Thrombotic angiopathies, i.e. haemolytic uremic syndrome and thrombotic thrombocytopenic purpura, are thought to occur in patients with a combination of risk factors (e.g., an infection with shiga-toxin-producing Escherichia coli (E. coli) or low activity of the metalloproteinase Adamts-13) and a pathophysiological trigger (e.g., anti-endothelial antibodies, cytokines or activation of chemokine receptor 4). To our knowledge, this is the first report describing an association between haemolytic uremic syndrome and routine surgery and anaesthesia.

Case presentation

We present a case in which a 67-year-old Caucasian female developed fatal haemolytic uremic syndrome in the immediate postoperative period of uncomplicated day care surgery. The patient had suffered gastrointestinal symptoms followed by confusion approximately two weeks before surgery, but had been without any symptoms in the week before surgery. Haemolytic uremic syndrome with cerebral symptoms ranging from initial anxiety to subsequent seizures and coma developed within a few hours after the end of surgery. In addition, acute kidney failure and severe thrombocytopenia occurred about the same time. During intensive care, the patient was found to be positive for enterohaemorrhagic E. coli (EHEC) in faeces.


Anaesthesiologists should be notified that haemolytic uremic syndrome is an uncommon differential diagnosis in patients with postoperative seizures and coma. Patients with a recent enterohemmoragic E.Coli infection should be followed postoperatively for signs of haemolytic uremic syndrome.

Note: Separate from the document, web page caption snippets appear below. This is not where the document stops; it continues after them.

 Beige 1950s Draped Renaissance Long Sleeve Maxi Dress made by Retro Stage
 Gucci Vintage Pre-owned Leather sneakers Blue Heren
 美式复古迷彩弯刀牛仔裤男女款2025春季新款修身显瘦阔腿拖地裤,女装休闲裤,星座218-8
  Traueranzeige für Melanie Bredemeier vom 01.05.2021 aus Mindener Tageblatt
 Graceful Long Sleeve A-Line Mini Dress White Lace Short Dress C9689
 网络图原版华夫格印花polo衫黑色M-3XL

Haemolytic uremic syndrome (HUS) is characterised by three prominent attributes: haemolytic anaemia, acute kidney failure and thrombocytopenia [1]. The most common cause of classical HUS (STEC-HUS) is infection with shiga-toxin-producing Escherichia coli (E. coli) 0157:H7. Typically, the incubation period is 3–5 days and approximately 5-15% of infected patients develop HUS. Children are more often affected than adults. Neurological involvement is uncommon [2]. During the German major outbreak of HUS in 2011, patients were infected with E. coli O104:H4. During the outbreak, over 20% of the infected patients developed HUS and 88% of the cases with HUS occurred in adults. Particularly noteworthy was that 68% of the patients were women [3]. Furthermore, neurological involvement was common, whereas the incidence of bloody diarrhoea was infrequent [4]. Neurological symptoms occurred at the same time as there was an increase of lactate dehydrogenase and creatinine and the nadir of the platelet count occurred before the onset of neurological symptoms [5]. The patients needed mechanical ventilation for an average of five days and started to be seizure free after an average of three days [5].

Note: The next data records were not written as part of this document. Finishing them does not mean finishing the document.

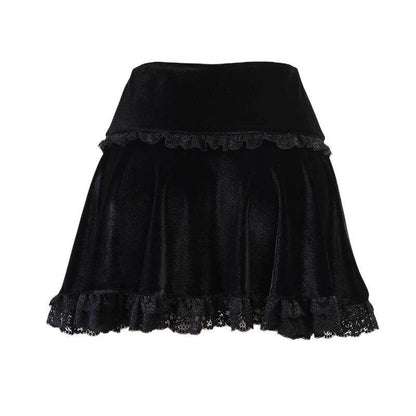 Black embroidered tiered skirt with scalloped waistband and lace-trim hem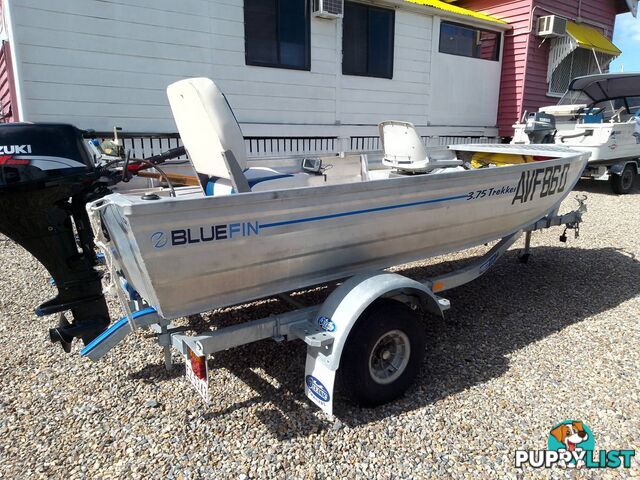 BLUE FIN ALUMINIUM TREKKER 375 DINGHY-15HP SUZUKI AND TRAILER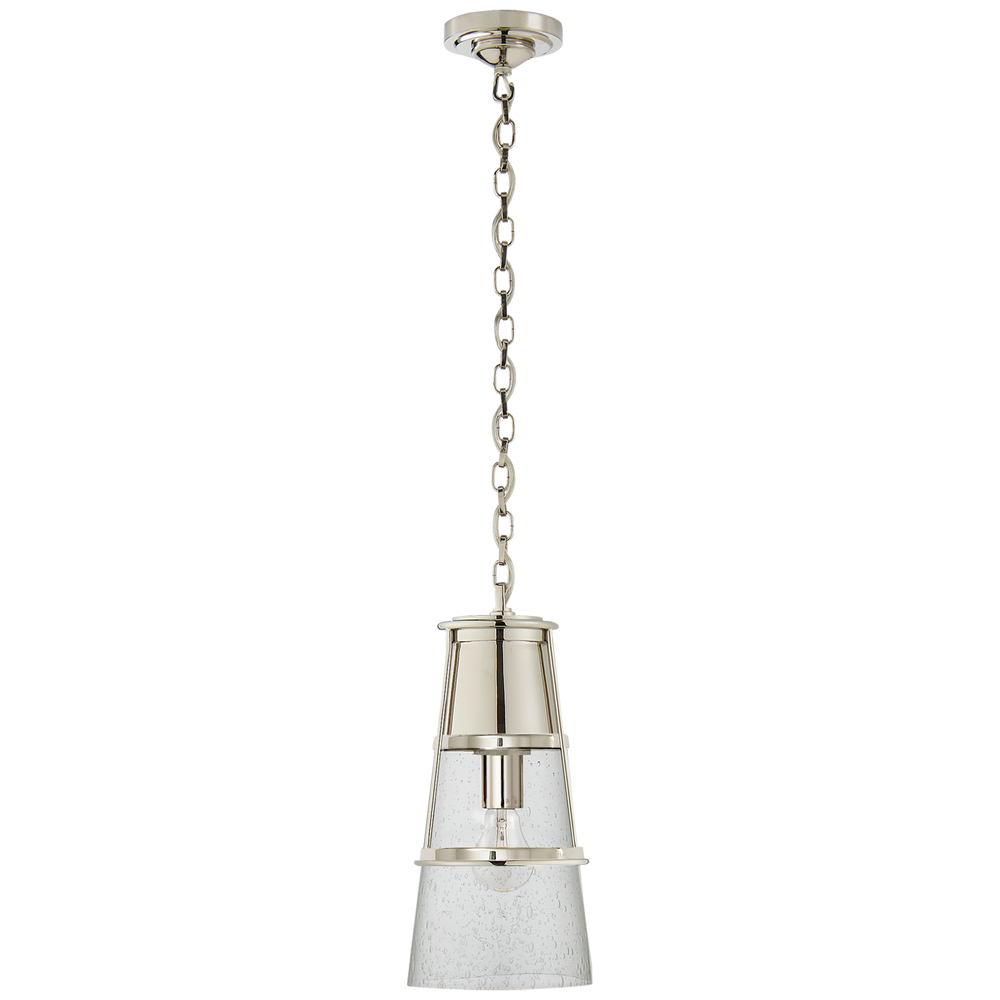 Robinson Medium Pendant in Polished Nickel with Seeded Glass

In patients in whom no infection with shiga-toxin-producing E. coli is found, i.e. atypical HUS (aHUS), mutations in genes encoding proteins of the alternative pathway of the complement system have been identified [6]. A third condition very similar in presentation and pathophysiology, thrombotic thrombocytopenic purpura (TTP), is associated with either a low activity of the metalloproteinase Adamts-13 or antibodies to the protein [7]. All three conditions are sometimes referred to as thrombotic microangiopathies (TMAs) [7].

In contrast to aHUS, which has a known risk of recurrence following renal transplantation [8], STEC-HUS is regarded as a unique event not associated with recurrence of the symptoms [9]. In the reports after the 2011 outbreak of STEC-HUS no comments about patients with recurrent presentations were noted [5, 10].

Drug-associated HUS is a commonly acknowledged condition in which the proposed mechanisms are direct endothelial effects or immune-mediated effects associated with deficient Adamts-13 activity [11]. The most commonly implicated drugs are quinine, mitomycin-C, tacrolimus and cyclosporine, as well as platelet-acting drugs, such as clopidogrel and ticlopidine [12]. Other than the most common drugs associated with HUS, reports of a suspected association can be found between the development of HUS and treatment with antibiotics, i.e. penicillin and piperacillin, non-steroidal anti-inflammatory drugs, H2-receptor antagonists and simvastatin [11].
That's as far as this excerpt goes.